ADVERT for my Performer will be posted in the For Sale section should anyone be looking to join the world of fun that is recumbent triking.


----------



## mrandmrspoves (26 Mar 2018)

First spin yesterday. Just a spin round the block for set up adjustments. Moving the boom back to adjust to my short legs left the chain rubbing under the cruciform so a few adjustments made. 
I went for a proof of concept ride today and all much smoother and quiet until the new chain tube I fitted slipped. Will need to fabricate a stronger bracket to secure the tube and then hopefully a longer ride will ensue.


----------



## neil earley (27 Mar 2018)

some pics would be nice,glad you shakedown rides are going well


----------



## mrandmrspoves (27 Mar 2018)

neil earley said:


> some pics would be nice,glad you shakedown rides are going well


Pics will follow as soon as I get somewhere more photogenic than my immediate neighbourhood!


----------



## mrandmrspoves (30 Mar 2018)

Finally managed to get the Redmount out for a few miles. 
11 miles is the furthest I have ridden in about 5 months. 
I went slowly as my asthma is still problematic and went even more slowly uphill but all was good. A few more minor adjustments made to the Redmount to get it right for me, but no major mechanical issues and it rides really well.


----------



## PaulM (30 Mar 2018)

You got a real bargain there. Nice flag too.


----------



## mrandmrspoves (7 Apr 2018)

Here's another one at what looks like a bargain price. £500 in Salford on Gumtree.
I don't like the colour but some people will.


----------



## mrandmrspoves (14 Apr 2018)

What a lovely day for a ride . Just under 32 miles a big jump from 10. Shoulders completely pain free - but my legs hurt like Hell after 15. We went to Old Buckenham Airfield where you can watch the aeroplanes landing and taking off while eating a good meal (great cake too)


----------



## KiffKroker (13 May 2018)

mrandmrspoves said:


> Here's another one at what looks like a bargain price. £500 in Salford on Gumtree.
> I don't like the colour but some people will.
> View attachment 403399


I bought this and am using it for my daily 18 mile round trip commute. I'm a recumbent newbie and am loving this trike.


----------



## mrandmrspoves (13 May 2018)

KiffKroker said:


> I bought this and am using it for my daily 18 mile round trip commute. I'm a recumbent newbie and am loving this trike.

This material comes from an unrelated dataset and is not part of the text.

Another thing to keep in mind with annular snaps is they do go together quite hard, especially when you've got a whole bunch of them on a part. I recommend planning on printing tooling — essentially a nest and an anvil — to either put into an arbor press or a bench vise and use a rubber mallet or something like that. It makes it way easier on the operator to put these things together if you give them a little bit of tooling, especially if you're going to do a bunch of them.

If it's in good condition you got an absolute bargain. Glad you're enjoying it - a brilliant first recumbent.


----------



## Wobbly John (1 Sep 2018)

Just realised that you are the other person who bought a Redmount earlier this year, that I mentioned when I met you today. <facepalm>

Good to ride with you today. Sorry to shoot off at Sandringham but I wanted to catch the 16.44 train (got there with 10 mins to spare).


----------



## mrandmrspoves (1 Sep 2018)

Wobbly John said:


> Just realised that you are the other person who bought a Redmount earlier this year, that I mentioned when I met you today. <facepalm>
> 
> Good to ride with you today. Sorry to shoot off at Sandringham but I wanted to catch the 16.44 train (got there with 10 mins to spare).

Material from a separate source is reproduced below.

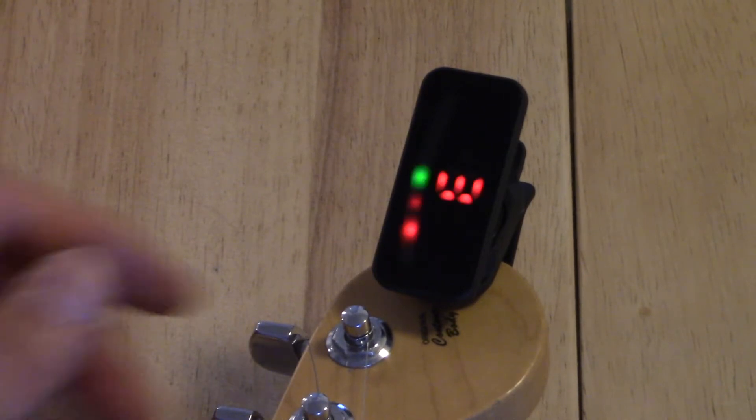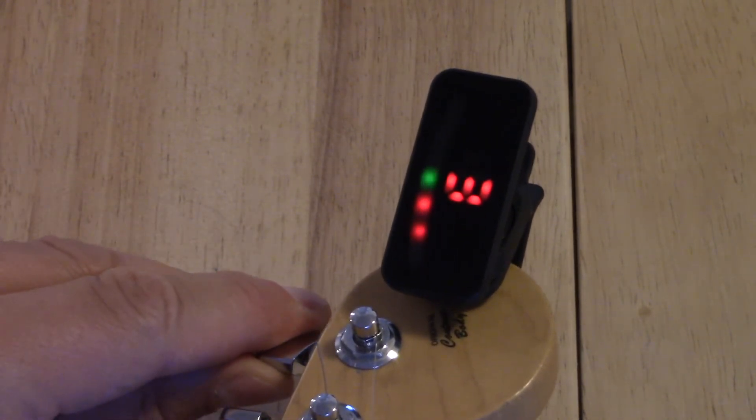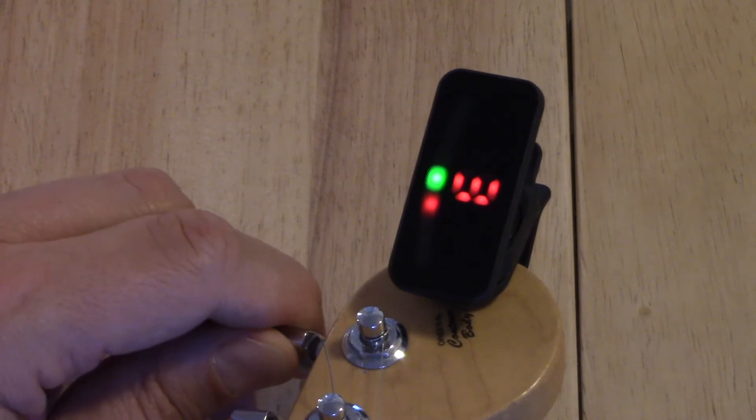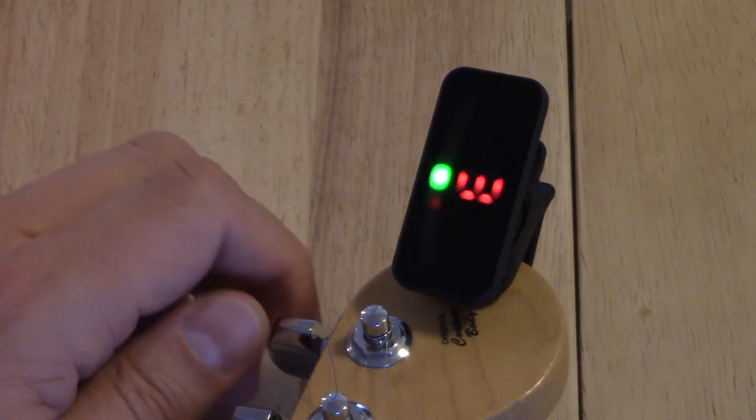There's not a whole lot of features to review. It comes with a battery included — you swap it in, it's like a watch battery — and you clip it onto the headstock, so you don't actually need any sound coming out. It works purely on vibrations. There's a display that shows you the note closest to what you're tuning to. It'll show a green light if you're in tune, and red lights on either side to indicate sharp or flat. As you get closer to in tune, the red lights converge toward the green light, which gets brighter, and then two small red lights flash on either side to confirm you're fully in tune.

Good to ride with you too John. Glad you got your train. I stopped for a coffee at Sandringham (most of which I promptly spilled down my front!) Then on my way back to KL I met another cyclist and I was admiring his mint 1980's Carlton (pre Raleigh) he told me he had a really nice Vintage Falcon as well at which stage I recognised him and told him that I knew he had a Falcon......because I sold it to him!


----------